* _Task description_:
The response must be made up of the lines in the entries below that contain "Used".
*** Opening of Recorded data ***
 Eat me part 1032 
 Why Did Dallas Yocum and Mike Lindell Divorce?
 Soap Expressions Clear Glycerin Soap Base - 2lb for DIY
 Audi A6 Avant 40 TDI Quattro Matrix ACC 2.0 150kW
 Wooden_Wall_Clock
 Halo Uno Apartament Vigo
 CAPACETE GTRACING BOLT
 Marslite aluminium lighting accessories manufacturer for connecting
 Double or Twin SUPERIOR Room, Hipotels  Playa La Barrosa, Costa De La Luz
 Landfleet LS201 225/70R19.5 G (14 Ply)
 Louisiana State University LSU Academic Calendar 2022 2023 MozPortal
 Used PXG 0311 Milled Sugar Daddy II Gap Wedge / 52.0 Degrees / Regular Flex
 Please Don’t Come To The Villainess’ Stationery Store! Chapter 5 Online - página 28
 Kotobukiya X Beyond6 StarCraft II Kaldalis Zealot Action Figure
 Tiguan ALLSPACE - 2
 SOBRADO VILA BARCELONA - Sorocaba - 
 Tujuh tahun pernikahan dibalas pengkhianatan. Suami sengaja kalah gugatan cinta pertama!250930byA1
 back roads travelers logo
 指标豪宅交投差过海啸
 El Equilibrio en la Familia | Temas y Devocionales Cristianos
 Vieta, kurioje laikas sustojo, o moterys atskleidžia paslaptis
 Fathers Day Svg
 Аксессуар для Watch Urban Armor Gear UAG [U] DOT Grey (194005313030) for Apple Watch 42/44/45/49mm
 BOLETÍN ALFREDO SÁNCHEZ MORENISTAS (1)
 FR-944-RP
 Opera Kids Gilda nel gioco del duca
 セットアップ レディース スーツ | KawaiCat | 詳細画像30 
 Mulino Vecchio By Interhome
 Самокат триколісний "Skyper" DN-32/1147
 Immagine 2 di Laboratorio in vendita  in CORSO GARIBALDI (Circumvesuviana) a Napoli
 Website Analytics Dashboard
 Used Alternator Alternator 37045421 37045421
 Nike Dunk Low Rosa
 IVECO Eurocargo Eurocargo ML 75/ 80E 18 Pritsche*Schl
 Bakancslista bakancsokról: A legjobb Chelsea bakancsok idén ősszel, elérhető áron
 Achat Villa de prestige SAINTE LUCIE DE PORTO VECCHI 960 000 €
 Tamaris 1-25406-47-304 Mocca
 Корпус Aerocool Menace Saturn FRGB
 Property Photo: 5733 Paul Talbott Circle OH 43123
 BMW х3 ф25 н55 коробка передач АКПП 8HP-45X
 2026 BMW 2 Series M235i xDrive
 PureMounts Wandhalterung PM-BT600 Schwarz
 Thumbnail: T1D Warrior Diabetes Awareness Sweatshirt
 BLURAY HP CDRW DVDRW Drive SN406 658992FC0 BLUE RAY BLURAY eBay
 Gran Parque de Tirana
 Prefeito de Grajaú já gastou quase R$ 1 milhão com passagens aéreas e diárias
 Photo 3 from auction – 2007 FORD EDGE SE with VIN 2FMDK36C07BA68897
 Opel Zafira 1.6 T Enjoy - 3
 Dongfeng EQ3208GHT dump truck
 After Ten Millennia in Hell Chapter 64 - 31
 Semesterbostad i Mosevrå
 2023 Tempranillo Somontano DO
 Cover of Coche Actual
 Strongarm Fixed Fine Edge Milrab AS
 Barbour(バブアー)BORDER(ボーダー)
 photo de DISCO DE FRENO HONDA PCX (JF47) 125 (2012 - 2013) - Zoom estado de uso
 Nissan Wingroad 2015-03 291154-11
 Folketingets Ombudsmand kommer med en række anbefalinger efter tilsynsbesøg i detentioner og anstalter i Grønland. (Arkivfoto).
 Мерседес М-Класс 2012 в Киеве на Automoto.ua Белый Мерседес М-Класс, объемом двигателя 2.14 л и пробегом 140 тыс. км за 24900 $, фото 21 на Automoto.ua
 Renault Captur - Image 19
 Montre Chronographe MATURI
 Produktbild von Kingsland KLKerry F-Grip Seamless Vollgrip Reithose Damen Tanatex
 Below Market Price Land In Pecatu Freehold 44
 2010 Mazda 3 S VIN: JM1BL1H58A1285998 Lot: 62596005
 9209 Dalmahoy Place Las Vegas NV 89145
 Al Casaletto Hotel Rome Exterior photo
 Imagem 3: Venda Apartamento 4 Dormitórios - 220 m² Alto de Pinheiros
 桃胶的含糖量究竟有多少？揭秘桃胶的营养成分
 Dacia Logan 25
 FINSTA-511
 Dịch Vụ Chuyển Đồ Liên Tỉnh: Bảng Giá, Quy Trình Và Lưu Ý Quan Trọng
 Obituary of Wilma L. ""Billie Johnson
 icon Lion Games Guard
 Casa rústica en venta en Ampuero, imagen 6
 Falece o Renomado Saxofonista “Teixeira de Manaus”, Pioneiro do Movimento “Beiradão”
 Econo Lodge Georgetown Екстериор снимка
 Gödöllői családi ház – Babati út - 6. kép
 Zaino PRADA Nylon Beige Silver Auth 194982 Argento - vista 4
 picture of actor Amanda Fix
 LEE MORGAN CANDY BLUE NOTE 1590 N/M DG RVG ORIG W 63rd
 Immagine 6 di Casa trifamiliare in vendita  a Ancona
*** Close of Recorded data ***
* _Answer section_:
 Used PXG 0311 Milled Sugar Daddy II Gap Wedge / 52.0 Degrees / Regular Flex
 Used Alternator Alternator 37045421 37045421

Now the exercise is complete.